Le sourire d’Amadiro parut s’élargir.
— En réalité, nous n’avons pas grand-chose à nous dire, monsieur Baley. J’ai pris la précaution de parler à Mr Gremionis, pendant que vous étiez en route pour venir ici. Après l’avoir entendu, j’ai décidé d’appeler aussi le Dr Vasilia. Apparemment, vous les avez plus ou moins accusés tous les deux de complicité dans la destruction de Jander et, si j’ai bien compris, vous m’avez accusé également.
— J’ai simplement posé des questions, docteur Amadiro, comme j’ai l’intention de le faire maintenant.
— Sans doute, sans doute, mais vous êtes un Terrien, alors vous ne vous rendez pas compte de la gravité de vos actes et je suis sincèrement navré que vous deviez en subir les conséquences. Vous savez probablement que Mr Gremionis m’a envoyé une note concernant vos diffamations.
— Il me l’a dit, mais il a mal interprété mon attitude. Ce n’était pas de la diffamation.
Amadiro pinça les lèvres, comme s’il réfléchissait à ce propos.
— J’ose dire que vous avez raison, à votre point de vue, mais vous ne comprenez pas la définition auroraine de ce mot. J’ai été obligé de transmettre la note de Gremionis au Président et, en conséquence, il est fort probable que vous serez expulsé de la planète dès demain matin. Je le regrette, naturellement, mais je crains que votre enquête soit sur le point de toucher à sa fin.

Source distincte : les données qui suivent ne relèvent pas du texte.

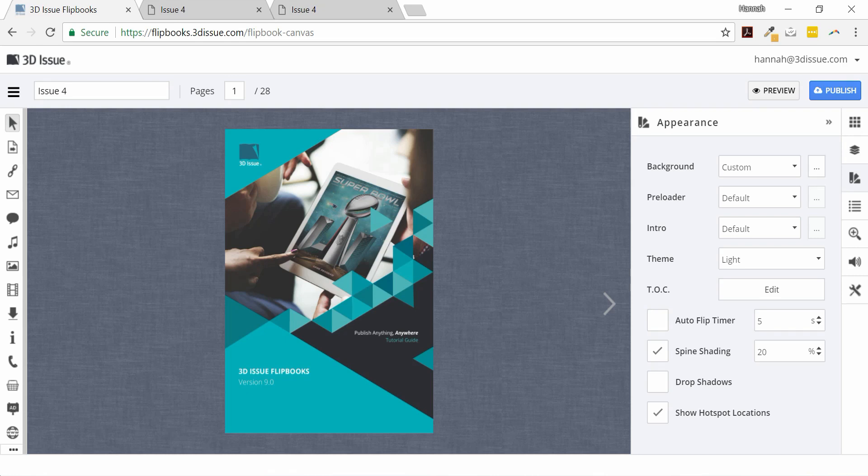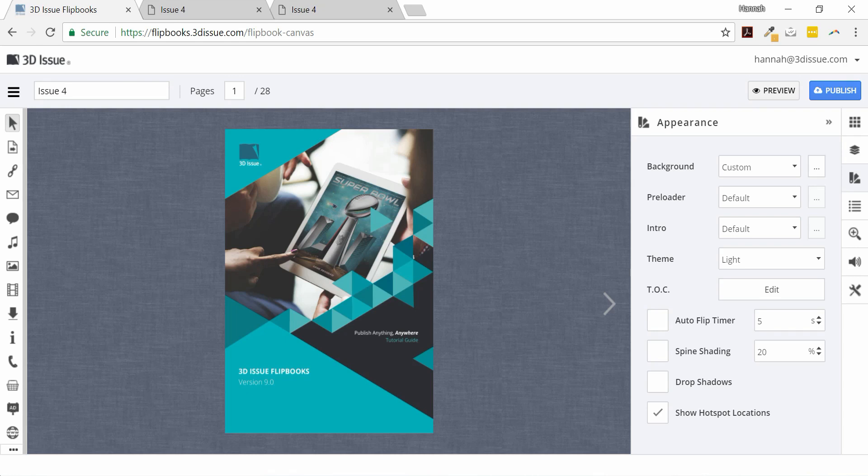In this video tutorial we're going to show you how to modify the shading in your publications. For this video we're going to be working within the appearance section on the right hand side.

Baley fut pris de court. Il ne savait que penser d’Amadiro et ne s’était pas attendu à être aussi déconcerté. Gremionis avait dit que le Maître était « distant ». D’après ce qu’avait dit Cicis, il pensait avoir à affronter un autocrate. En personne, cependant, Amadiro paraissait jovial, ouvert, presque amical. Pourtant, à l’en croire, Amadiro s’appliquait calmement à arrêter l’enquête. Il le faisait impitoyablement et cependant avec un petit sourire de commisération.
Quel homme était-il ?
Machinalement, Baley jeta un coup d’œil vers les niches où se tenaient Daneel et Giskard, le primitif Giskard sans expression, bien entendu, et Daneel, plus calme et tranquille. Il trouvait assez improbable que Daneel, durant sa brève existence, ait jamais rencontré Amadiro. Giskard, d’autre part, au cours de ses nombreuses années de vie (combien ?) avait fort bien pu le connaître.
Baley serra les lèvres en pensant qu’il aurait pu demander à Giskard quel genre d’homme était Amadiro. S’il avait pris cette précaution, il serait maintenant plus capable de juger dans quelle mesure l’attitude actuelle du roboticien était naturelle ou savamment calculée.

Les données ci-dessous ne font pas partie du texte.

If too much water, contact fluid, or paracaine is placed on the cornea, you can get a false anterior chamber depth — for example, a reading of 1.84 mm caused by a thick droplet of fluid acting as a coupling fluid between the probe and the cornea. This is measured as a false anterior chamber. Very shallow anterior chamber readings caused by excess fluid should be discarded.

Pourquoi diable, pensa-t-il, n’avait-il pas plus intelligemment utilisé les ressources de ses robots ? Et pourquoi Giskard ne l’avait-il pas renseigné de lui-même… mais non, c’était injuste. Giskard était évidemment incapable d’une telle activité autonome. Il renseignait à la demande mais ne ferait jamais rien de sa propre initiative.

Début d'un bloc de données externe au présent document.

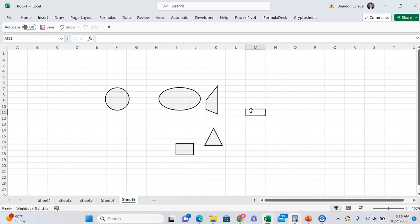The point is, if you have some hand drawings in Excel that you want to clean up, or if it's easier for you to think things out and customize your visuals by drawing them first and converting them later, this can help you flesh out those thoughts.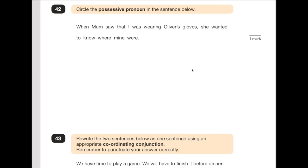Number 42: circle the possessive pronoun in the sentence below. A pronoun is something like I, you, he, she. But a possessive pronoun is when you are attaching a belonging to somebody — that would be mine, his, hers. It belongs to those people. Looking for an example here — it's just one. The answer is 'mine'.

Amadiro, suivant le bref regard de Baley, dit :
— Je suis seul contre trois, on dirait. Comme vous le voyez, je n’ai aucun de mes robots dans mon bureau, bien qu’ils soient tous instantanément disponibles à mon appel, je l’avoue, alors que vous avez les robots de Fastolfe ; ce bon vieux Giskard, et cette merveille d’ingéniosité, Daneel.
— Je vois que vous les connaissez tous les deux, dit Baley.